Coord. por: M. Yiossuf Adamgy

in Revista Al Furqán, nº. 142, de Novº./Dezº.2004

Entre muitos outros conceitos errados sobre o Islão está a ideia de que ele sanciona a escravatura e permite aos seus seguidores escravizar prisioneiros de guerra, em particular mulheres e estabelecer relações extra-matrimoniais com elas. Afirmamos veementemente que o Islão não tem sequer a mais leve ligação com escravatura e concubinagem. Pelo contrário, proíbe, absolutamente, estas práticas.
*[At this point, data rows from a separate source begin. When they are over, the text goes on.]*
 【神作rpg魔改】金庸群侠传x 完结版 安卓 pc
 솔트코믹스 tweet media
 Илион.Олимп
È deveras ultajante associar tais barbaridades com uma religião revelada para elevar a humanidade.

O aspecto que precisa de ser analisado e o qual, talvez seja a causa de ideia errada, é o de que o Islão tenha adoptado um processo gradual para abolir a instituição da escravatura devido às condições sociais prevalecentes na Arábia nessa época.

Deve-se ter sempre em mente que a escravatura era parte integral da sociedade pré-Islâmica Árabe desse tempo. Havia muitos escravos, homens e mulheres em quase todas as casas. Isto devia-se especialmente a duas razões: Primeiro, durante esses tempos, era prática habitual repartir os prisioneiros de guerra em que eles eram distribuídos entre o exército que os capturara. Segundo, havia grandes mercados de escravos na Arábia, nessa época, onde sem terem de pagar direitos, homens e mu- lheres de todas as idades eram vendidos como animais.
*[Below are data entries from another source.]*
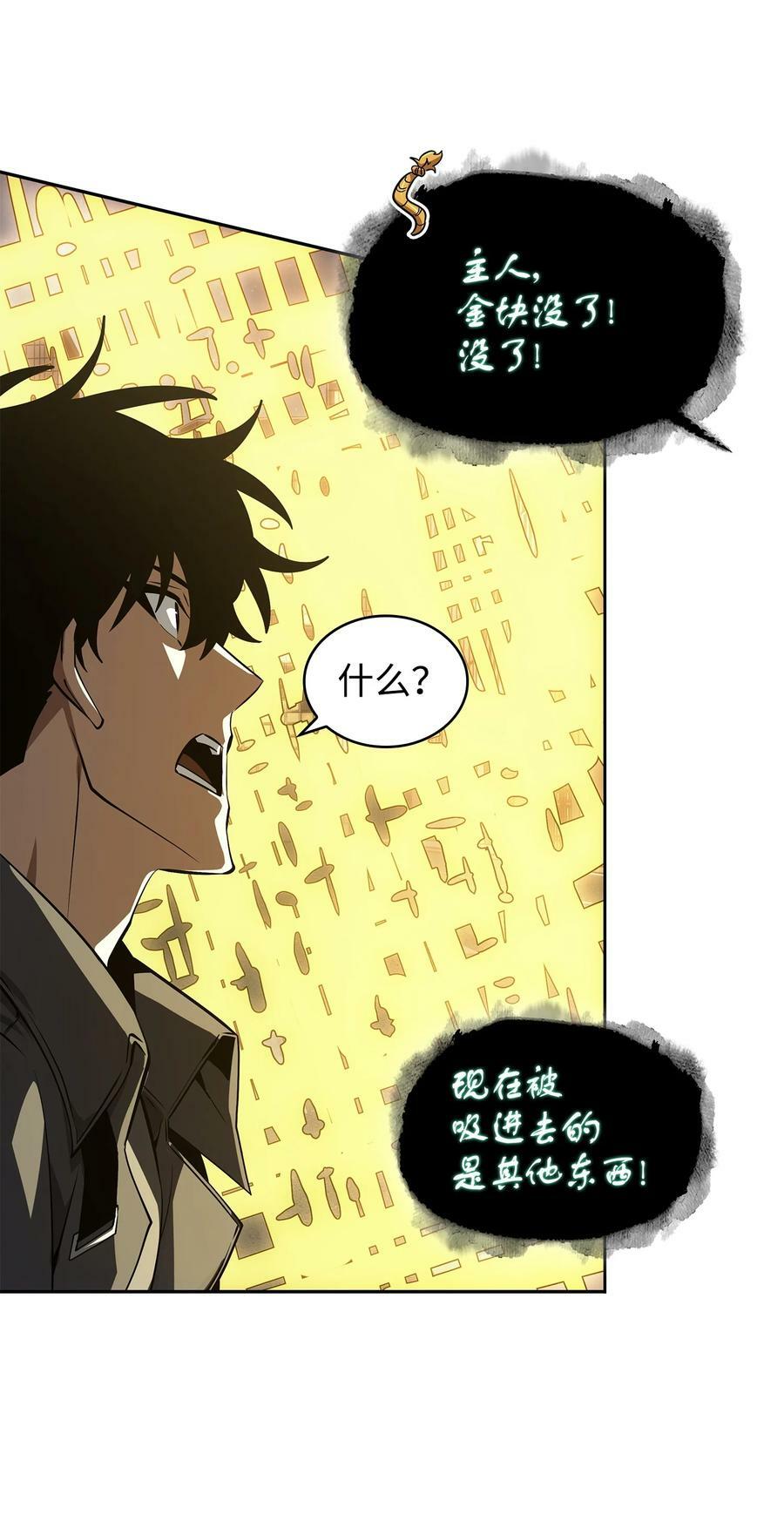 425 灯下黑14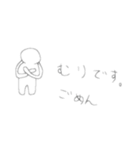 人間日常スタンプ（個別スタンプ：10）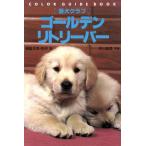愛犬クラブ ゴールデン・リトリーバー カラー・ガイド・ブック愛犬クラブ/福島正充(著者),福島則子(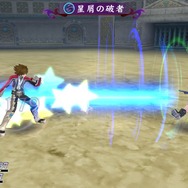 闘技場（パスカル）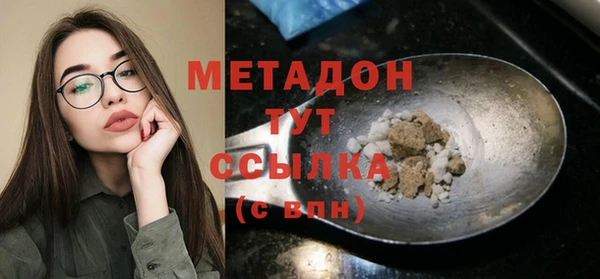 PSILOCYBIN Заволжск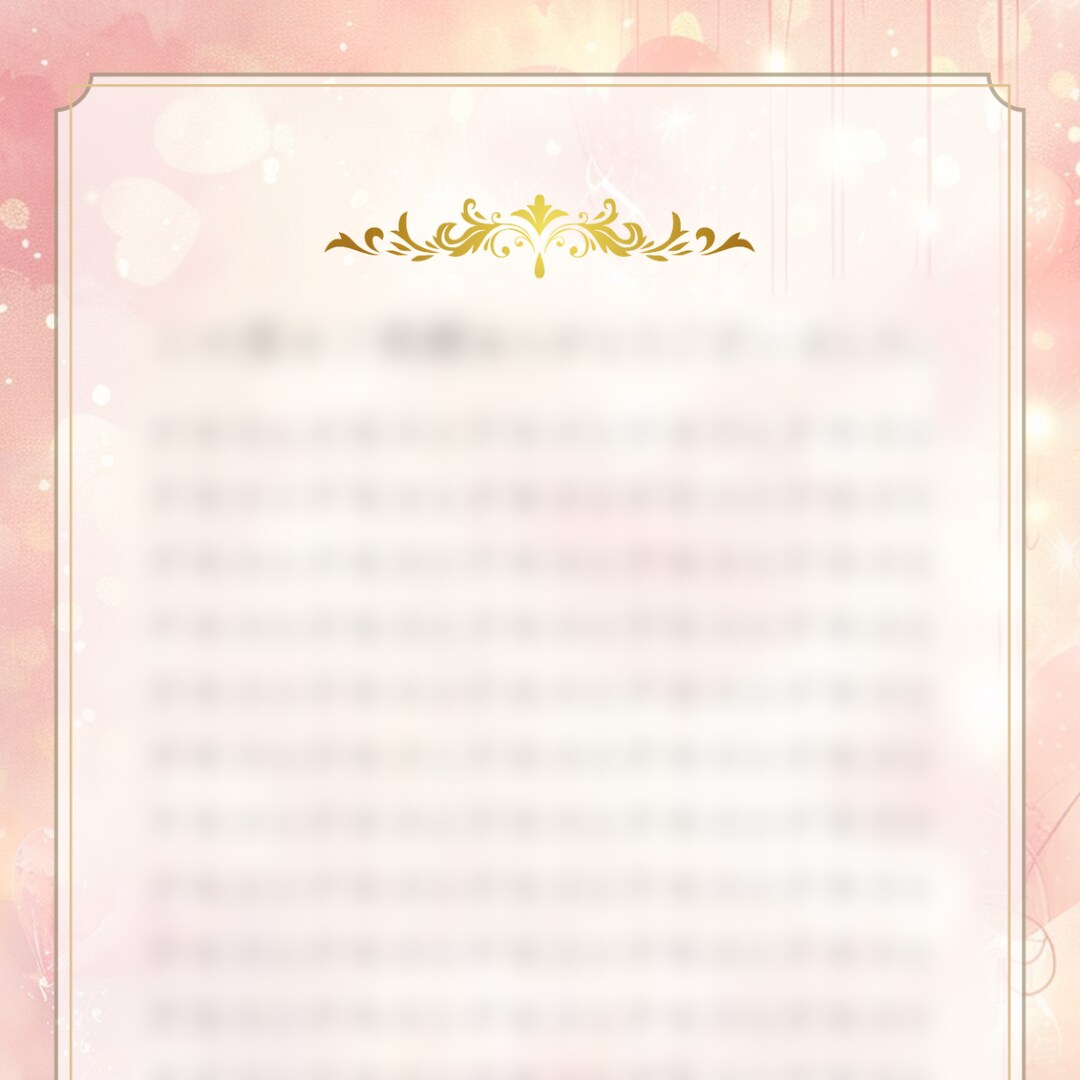先着3名！この恋が進まない理由を構造から分析します 恋愛の悩みを原因から整理し、どう動けばいいかまでお伝えします イメージ4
Nestas circunstâncias, nas quais a escravatura se tinha tornado num constituinte essencial da sociedade Islâmica, o Islão adoptou um caminho gradual para eliminá-lo. Uma ordem imediata de proibição teria criado imensos problemas sociais e económicos. Ter-se-ia tornado impossível para a sociedade, providenciar as necessidades de um grande exército de escravos, que de outro modo estariam dependentes de várias famílias. Também o tesouro nacional não se encontrava em condições de os sustentar a todos numa base permanente. Um grande número entre eles eram idosos e incapazes de se sustentarem a eles mesmos. A única alternativa que lhes restava, se eles fossem instantaneamente libertados, teria sido voltarem-se para a mendicidade e tornarem-se um fardo para a sociedade. A questão de raparigas e mulheres escravas ainda era mais crítica, tendo em conta os seus baixos padrões morais. Libertá-las, de repente, teria apenas resultado num aumento tremendo dos bordéis.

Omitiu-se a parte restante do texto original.